In case you’re new to the term, carboxytherapy is a non-surgical procedure that involves CO2 gas (what we breathe) injection in any target body zones, something that then gets flashed out with toxins. I really loved the sound of that treatment as apart from reducing mass it tightens the skin, renews the cells so your body produces more oxygen and ultimately is in a healthier form.

To be honest I got so carbo-xited I even tried it on my face. I think it’s such a nice and rewarding feeling to start something new and see yourself progress towards that goal with confidence!

So, after accepting my normal size 10 I’m opting for a healthy body shape and not the size change.


This is not a sponsored post and all opinions are my own / genuine. Please enjoy reading my story although this is in no way to discriminate against anyone.
  • Kathrin

    Body image is so difficult to come to terms with nowadays. We are constantly bombarded with what we should look like when most of us (myself included) often forget that we really should look like ourselves. It’s great that you accepted your body.

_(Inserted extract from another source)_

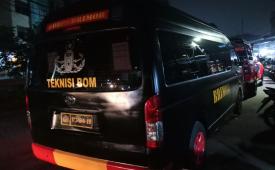 Aparat kepolisian berjaga-jaga di lokasi kejadian ledakan di Pasar Cimanggis, Ciputat, Tangerang Selatan, Rabu (14/10/2026).
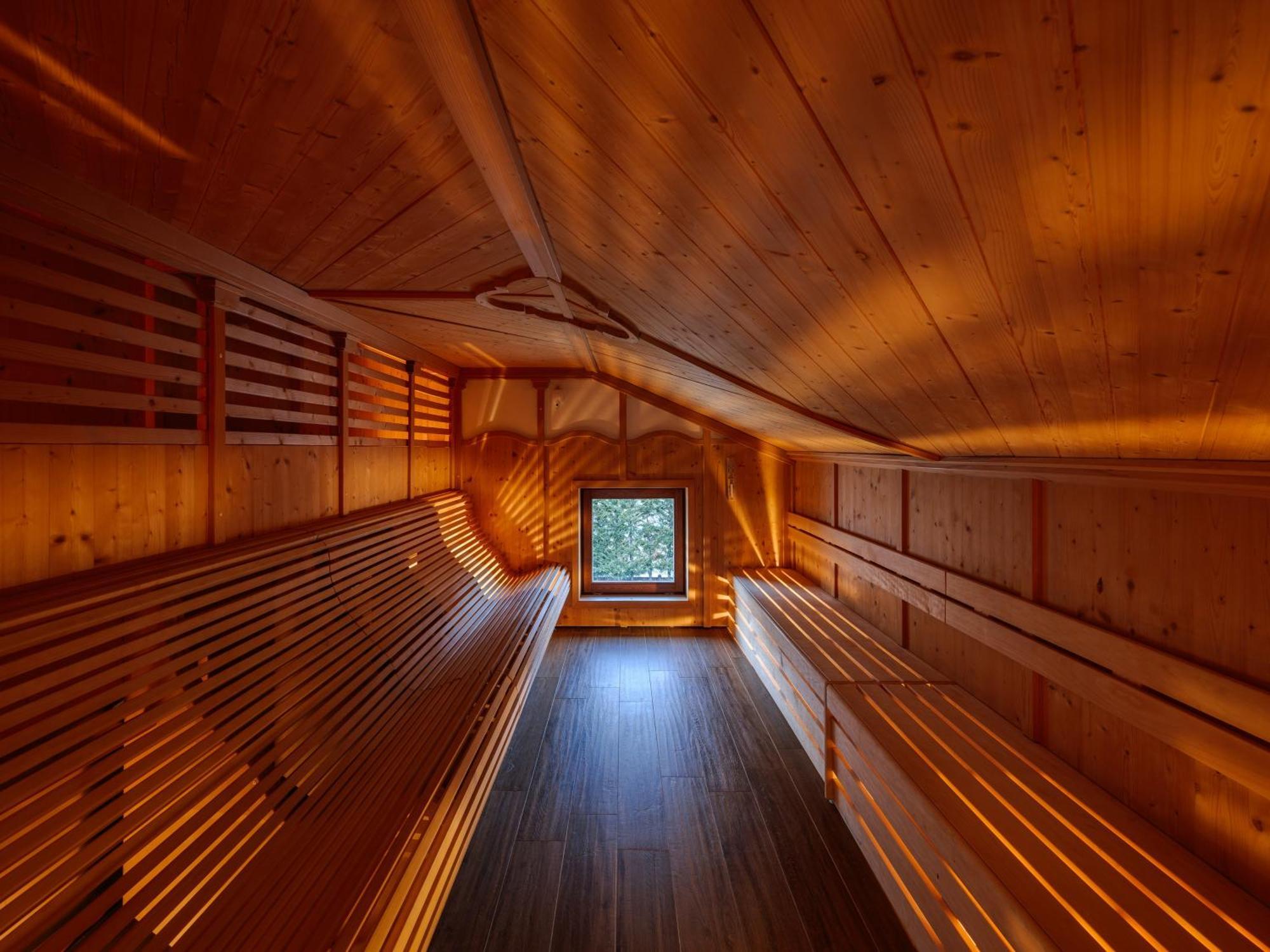 Montana Lodge & Spa, By R Collection Hotels Ла Туил Екстериор снимка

    Kathrin | Polar Bear Style

  • I’ve been thinking a lot about this issue in a healthier light more recently – like you are saying. It should be more about health than anything else, but sometimes we’re inundated by society and by our own negative thoughts. I’m glad to hear that you’re finally happy with your body because that’s a huge step! You’re gorgeous xx

  • Beautiful post! We are all different, we should stop comparing to others and find our unique beauty in every detail of ourselves 🙂
    xx Elisa

  • Love the positivity in this post! I published a similar post about confidence today, and it’s just such a tricky thing! I love that you’ve accepted your body, I definitely think it’s a major step and it takes a lot to do so! I’m totally a self-confessed fast food addict too, haha!

    Anika |

    • Thanks for stopping by and your support chick. I think being both positive and realistic at the same time is the only way forward xo

  • I struggled with confidence when I was younger. Once I had my son, it completely changed. I stopped comparing myself to others and decided to focus on what I needed.

    Jennifer | Mrs Q Beauty

    • So happy to hear you’ve found your confidence. Focusing on what’s more important is always the key xo

  • Nina

    I’ve been struggling with confidence since I had my daughter, 6 years ago. Only recently, after I lost 30 pounds, I became more confident about how I look. I’m glad you accepted your body just the way it is. You look amazing by the way. Wish you a nice day babe.

    Nina’s Style Blog

  • I’m sorry to hear you’ve struggled at times with how you view your body, and sadly like you say, most of us women do feel that way at some point in time! I love your new approach to being healthier, and that little cartoon is the absolute cutest 🙂 Thanks so much for sharing your story!

    Gabrielle | A Glass Of Ice x

  • I like that you learn to love yourself and opt for a healthy shape and not changing your size. Really inspiring story!

    xx Alyssa | STYLE VANITY

  • Andrea

    I wish everyone could read this… is super important! Nowadays instagram and other social media are constantly telling us that for being “successful” you need to be skinny, and that´s not true at all! What you need to be is healthy!!
    Great post sweetie

  • Nice post Dear! This is very important to feel self confident and beutiful <3

  • I agree, don’t compare yourself to others. It is one source of unhappiness. Just be yourself, and wear your confidence, that’s the greatest trend ever.